Seja como for a quebra histórica da hegemonia monopolar parece cada vez mais evidente ao ponto do Banco Mundial lançar, por meio de um novo relatório que planeja captar essas mudanças, o GDH, em português Horizontes do Desenvolvimento Global. Este primeiro relatoria trata exatamente da Multipolaridade e merece uma leitura bem atenta para quem se interessa pelo que vai se confirmando como desenho na arena internacional.

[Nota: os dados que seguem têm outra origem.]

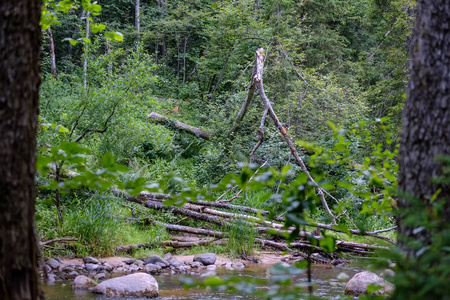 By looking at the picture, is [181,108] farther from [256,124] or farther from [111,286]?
[111,286]

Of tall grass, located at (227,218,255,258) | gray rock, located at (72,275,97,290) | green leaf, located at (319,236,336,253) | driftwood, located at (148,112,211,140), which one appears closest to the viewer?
green leaf, located at (319,236,336,253)

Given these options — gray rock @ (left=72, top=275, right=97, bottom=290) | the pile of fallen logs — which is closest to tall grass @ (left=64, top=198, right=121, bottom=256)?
the pile of fallen logs

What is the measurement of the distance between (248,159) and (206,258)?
13.1 feet

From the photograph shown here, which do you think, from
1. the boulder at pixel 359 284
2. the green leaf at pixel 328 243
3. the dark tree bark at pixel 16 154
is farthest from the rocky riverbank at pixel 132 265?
the dark tree bark at pixel 16 154

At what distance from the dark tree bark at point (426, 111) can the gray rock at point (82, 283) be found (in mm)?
5156

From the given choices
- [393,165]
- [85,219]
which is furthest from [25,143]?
[85,219]

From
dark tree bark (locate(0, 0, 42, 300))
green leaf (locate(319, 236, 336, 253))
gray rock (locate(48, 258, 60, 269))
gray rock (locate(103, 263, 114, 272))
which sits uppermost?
dark tree bark (locate(0, 0, 42, 300))

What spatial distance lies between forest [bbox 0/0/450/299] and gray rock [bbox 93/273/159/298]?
1.27 metres

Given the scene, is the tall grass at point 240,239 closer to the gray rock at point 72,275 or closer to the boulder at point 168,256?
the boulder at point 168,256

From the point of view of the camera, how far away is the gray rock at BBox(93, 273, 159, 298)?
5.46 m

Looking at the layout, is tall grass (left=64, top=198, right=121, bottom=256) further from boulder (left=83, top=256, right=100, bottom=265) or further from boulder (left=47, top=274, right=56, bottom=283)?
boulder (left=47, top=274, right=56, bottom=283)

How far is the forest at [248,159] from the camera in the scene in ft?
5.69

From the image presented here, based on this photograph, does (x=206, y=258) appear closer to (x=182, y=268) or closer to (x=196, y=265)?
(x=196, y=265)

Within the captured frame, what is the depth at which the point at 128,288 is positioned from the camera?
5.54m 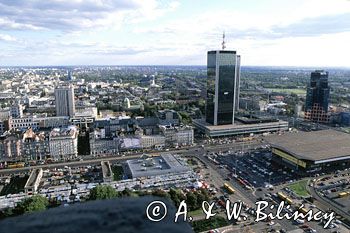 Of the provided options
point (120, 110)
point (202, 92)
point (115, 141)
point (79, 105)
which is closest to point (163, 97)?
point (202, 92)

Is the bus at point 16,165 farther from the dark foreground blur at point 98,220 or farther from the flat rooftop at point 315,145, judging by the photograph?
the flat rooftop at point 315,145

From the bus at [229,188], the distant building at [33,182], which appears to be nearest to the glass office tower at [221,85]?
the bus at [229,188]

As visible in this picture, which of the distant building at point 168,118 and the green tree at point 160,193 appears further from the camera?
the distant building at point 168,118

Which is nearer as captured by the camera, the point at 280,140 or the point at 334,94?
the point at 280,140

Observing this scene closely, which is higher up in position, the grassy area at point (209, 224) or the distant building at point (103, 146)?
the distant building at point (103, 146)

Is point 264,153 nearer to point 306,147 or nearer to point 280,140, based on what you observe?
point 280,140

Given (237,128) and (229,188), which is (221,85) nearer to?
(237,128)

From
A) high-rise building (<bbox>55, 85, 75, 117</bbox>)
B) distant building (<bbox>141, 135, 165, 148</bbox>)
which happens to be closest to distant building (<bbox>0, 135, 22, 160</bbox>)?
distant building (<bbox>141, 135, 165, 148</bbox>)
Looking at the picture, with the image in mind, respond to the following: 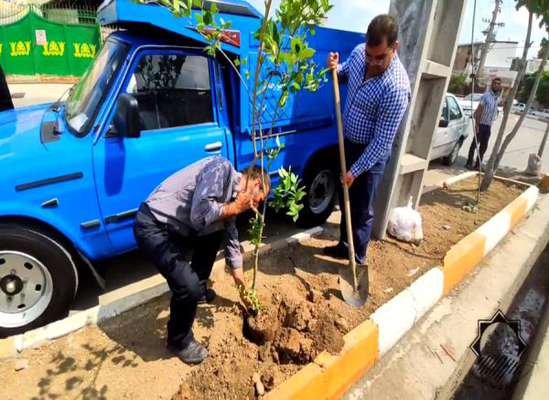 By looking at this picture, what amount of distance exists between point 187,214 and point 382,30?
6.16ft

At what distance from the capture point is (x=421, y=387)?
8.63 feet

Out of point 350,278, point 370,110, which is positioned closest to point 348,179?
point 370,110

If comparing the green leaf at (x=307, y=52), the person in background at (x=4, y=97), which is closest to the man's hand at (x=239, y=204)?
the green leaf at (x=307, y=52)

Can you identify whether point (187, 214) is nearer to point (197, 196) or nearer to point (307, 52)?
point (197, 196)

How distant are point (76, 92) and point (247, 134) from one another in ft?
4.88

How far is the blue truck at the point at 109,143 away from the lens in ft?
8.26

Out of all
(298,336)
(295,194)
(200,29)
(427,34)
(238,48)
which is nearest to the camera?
(200,29)

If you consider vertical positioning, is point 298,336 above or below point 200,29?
below

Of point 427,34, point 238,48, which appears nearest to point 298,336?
point 238,48

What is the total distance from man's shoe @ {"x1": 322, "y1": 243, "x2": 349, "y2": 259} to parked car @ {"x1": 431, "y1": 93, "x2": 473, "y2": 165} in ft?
14.7

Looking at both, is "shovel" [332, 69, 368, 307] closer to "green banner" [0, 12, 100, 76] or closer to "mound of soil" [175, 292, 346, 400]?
"mound of soil" [175, 292, 346, 400]

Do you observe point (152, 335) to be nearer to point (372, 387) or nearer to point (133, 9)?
point (372, 387)

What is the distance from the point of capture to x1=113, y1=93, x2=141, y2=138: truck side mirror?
100 inches

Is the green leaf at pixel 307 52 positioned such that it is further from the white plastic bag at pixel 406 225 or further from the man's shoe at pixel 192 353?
the white plastic bag at pixel 406 225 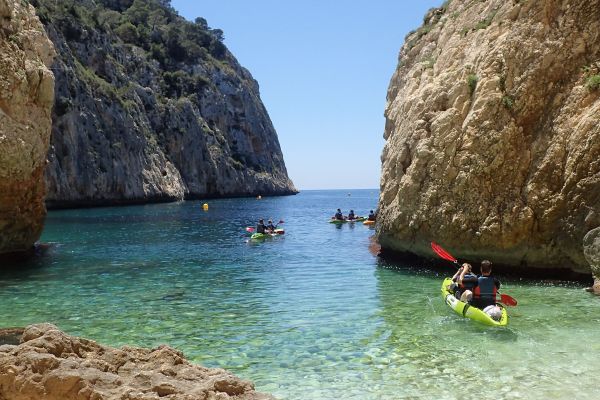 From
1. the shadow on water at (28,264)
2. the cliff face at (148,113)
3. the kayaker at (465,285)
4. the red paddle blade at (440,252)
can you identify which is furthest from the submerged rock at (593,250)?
the cliff face at (148,113)

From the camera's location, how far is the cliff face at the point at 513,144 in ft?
51.1

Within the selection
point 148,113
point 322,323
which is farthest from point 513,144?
point 148,113

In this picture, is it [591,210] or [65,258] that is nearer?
[591,210]

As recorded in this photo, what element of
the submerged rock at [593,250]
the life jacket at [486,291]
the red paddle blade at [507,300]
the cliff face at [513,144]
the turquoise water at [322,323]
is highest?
the cliff face at [513,144]

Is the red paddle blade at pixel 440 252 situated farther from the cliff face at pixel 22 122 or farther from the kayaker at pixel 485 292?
the cliff face at pixel 22 122

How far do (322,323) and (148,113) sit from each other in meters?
75.8

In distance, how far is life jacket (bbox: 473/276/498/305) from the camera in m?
12.0

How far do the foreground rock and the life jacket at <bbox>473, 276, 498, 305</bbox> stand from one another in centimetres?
807

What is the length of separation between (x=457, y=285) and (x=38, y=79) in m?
19.0

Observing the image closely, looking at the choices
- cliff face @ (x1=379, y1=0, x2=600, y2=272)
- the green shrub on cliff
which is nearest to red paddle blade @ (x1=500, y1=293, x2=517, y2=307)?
cliff face @ (x1=379, y1=0, x2=600, y2=272)

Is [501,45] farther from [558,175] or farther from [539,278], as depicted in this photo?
[539,278]

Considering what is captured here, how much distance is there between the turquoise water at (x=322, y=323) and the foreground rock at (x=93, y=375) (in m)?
2.64

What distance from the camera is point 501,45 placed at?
17703 mm

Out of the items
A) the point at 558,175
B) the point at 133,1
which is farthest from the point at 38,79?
the point at 133,1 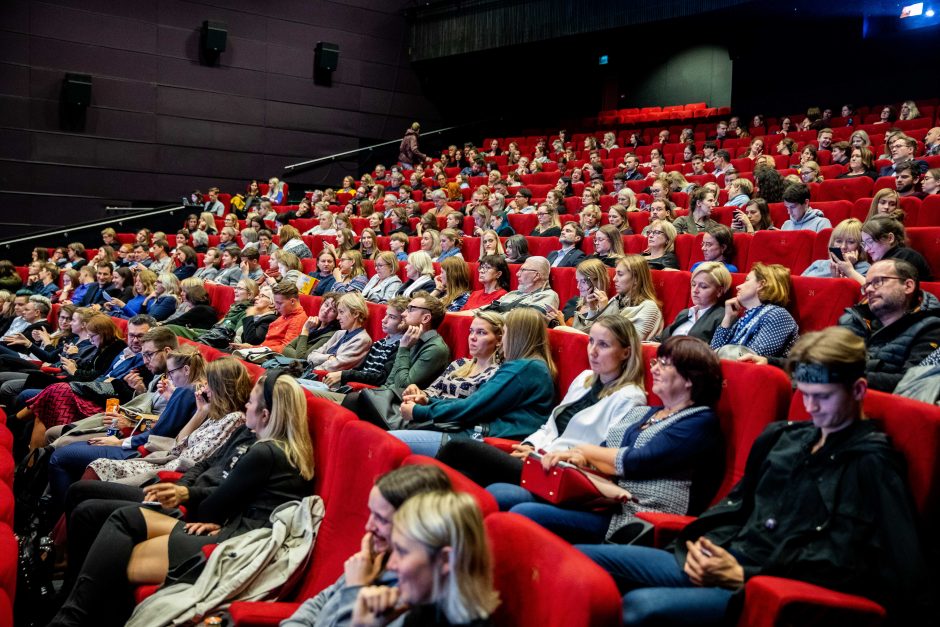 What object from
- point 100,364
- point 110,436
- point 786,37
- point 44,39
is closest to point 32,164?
point 44,39

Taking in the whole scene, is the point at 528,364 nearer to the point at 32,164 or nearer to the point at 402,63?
the point at 32,164

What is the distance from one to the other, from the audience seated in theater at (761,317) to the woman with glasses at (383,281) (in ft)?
5.92

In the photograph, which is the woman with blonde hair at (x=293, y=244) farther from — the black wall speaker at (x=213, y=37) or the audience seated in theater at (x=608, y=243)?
the black wall speaker at (x=213, y=37)

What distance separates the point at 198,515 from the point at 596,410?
0.85 meters

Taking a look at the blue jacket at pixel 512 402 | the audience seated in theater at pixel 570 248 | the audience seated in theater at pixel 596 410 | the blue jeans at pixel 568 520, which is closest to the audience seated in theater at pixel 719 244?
the audience seated in theater at pixel 570 248

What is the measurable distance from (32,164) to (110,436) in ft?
18.2

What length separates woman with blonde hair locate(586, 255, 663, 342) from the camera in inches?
97.5

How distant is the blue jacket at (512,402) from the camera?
1.96m

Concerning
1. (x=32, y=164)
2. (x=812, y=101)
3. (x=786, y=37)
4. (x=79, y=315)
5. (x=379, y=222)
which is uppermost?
(x=786, y=37)

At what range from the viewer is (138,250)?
19.5ft

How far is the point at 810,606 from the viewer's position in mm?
992

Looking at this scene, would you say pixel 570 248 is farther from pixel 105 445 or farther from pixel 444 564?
pixel 444 564

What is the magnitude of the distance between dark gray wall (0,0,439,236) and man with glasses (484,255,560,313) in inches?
225

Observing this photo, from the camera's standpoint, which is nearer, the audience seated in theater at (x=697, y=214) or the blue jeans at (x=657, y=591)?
the blue jeans at (x=657, y=591) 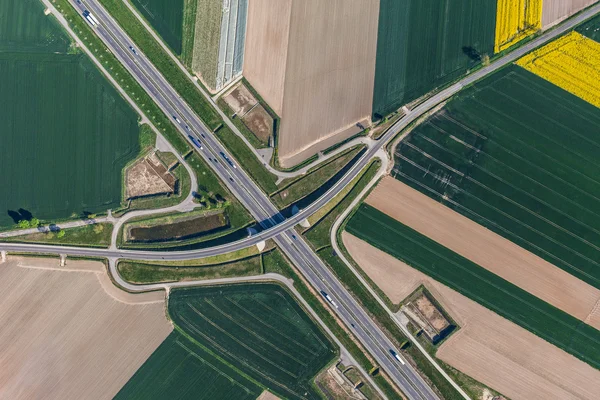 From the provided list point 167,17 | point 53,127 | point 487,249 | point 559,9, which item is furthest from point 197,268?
point 559,9

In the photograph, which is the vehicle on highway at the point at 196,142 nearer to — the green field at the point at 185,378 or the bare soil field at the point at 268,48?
the bare soil field at the point at 268,48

Inúmeras teorias falam sobre o fato de que democracias são regimes mais estáveis nos termos de guerra enquanto política. Quer dizer, guerra entre democracias são mais improváveis do que guerra entre democracias e regimes autoritários ou guerras entre regimes autoritários. A explicação estaria na diferença de “custo político” para os agentes políticos nos regimes democráticos e nos regimes autoritários. Portanto é de se imaginar que o desenho da multipolaridade não vá se produzir por meio das guerras, mas certamente as cotoveladas, tipo usar cotovelos para abrir caminho, serão inevitáveis num momento onde países anteriormente periféricos e agora semi-periféricos, nos termos da leitura de Walerstein e Arrighi, buscam o centro do sistema-mundo.
O sistema de se impor por cotoveladas no cenário mundial é muito bem expresso pela nota abaixo¹, divulgada ontem. A nota é assinada pelos representantes - sequência dada pelos autores da nota - do Brasil, Rússia, Índia, China e África do Sul. É a assinatura brasileira que fecha a nota. Em diplomacia são detalhes importantes². Em termos bem simples e diretos a diplomacia das cotoveladas se expõe: Os países emergentes não aceitam que a indicação do novo diretor do FMI seja feita com base em critérios de nacionalidade, referindo-se no caso ao fato da origem européia do demitido presidente. Enfim, os emergentes não irão aceitar que a escolha do novo presidente do FMI seja feita dentro do “antigo” centro do sistema-mundo.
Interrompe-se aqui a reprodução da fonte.